RUSLE2 was originally developed as a Windows-based Microsoft Visual C++ desktop
application. To facilitate functioning as a web service a modeling engine known as the
RomeShell was added to RUSLE2. The Object Modeling System 3.0 (OMS 3.0) framework
[42], [43] using WINE [44] provides middleware to facilitate model to web service inter-
operation. OMS was developed by the USDA–ARS in cooperation with Colorado State
University and supports component-oriented simulation model development in Java, C/C++ and
FORTRAN. OMS provides numerous tools supporting data retrieval, GIS, graphical
visualization, statistical analysis and model calibration. The RUSLE2 web service was
implemented as a JAX-RS RESTful JSON-based service hosted by Apache Tomcat [45].
A Eucalyptus 2.0 [46] IaaS private cloud was built and hosted by Colorado State
University which consisted of 9 SUN X6270 blade servers on the same chassis sharing a private
1 Giga-bit VLAN with dual Intel Xeon X5560-quad core 2.8 GHz CPUs each with 24GB ram
28
and 146GB HDDs.
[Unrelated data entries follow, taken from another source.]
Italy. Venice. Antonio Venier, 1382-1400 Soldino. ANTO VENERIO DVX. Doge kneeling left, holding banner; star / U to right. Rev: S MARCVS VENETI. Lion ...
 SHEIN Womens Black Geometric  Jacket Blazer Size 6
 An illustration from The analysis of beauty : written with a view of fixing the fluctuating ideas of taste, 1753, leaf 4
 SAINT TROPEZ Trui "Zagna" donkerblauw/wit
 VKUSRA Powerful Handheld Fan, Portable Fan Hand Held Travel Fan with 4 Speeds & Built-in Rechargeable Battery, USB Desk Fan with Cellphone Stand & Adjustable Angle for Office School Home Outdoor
The host operating system was Ubuntu Linux (2.6.35-22) 64-bit server
10.10. VM guests ran Ubuntu Linux (2.6.31-22) 32 and 64-bit server 9.10. 8 blade servers were
configured as Eucalyptus node-controllers, and 1 blade server was configured as the Eucalyptus
cloud-controller, cluster-controller, walrus server, and storage-controller. Eucalyptus-based
managed mode networking was configured using a managed Ethernet switch isolating VMs on
their own private VLANs.
QEMU version 0.12.5, a Linux-based PC system emulator, was used to provide VMs.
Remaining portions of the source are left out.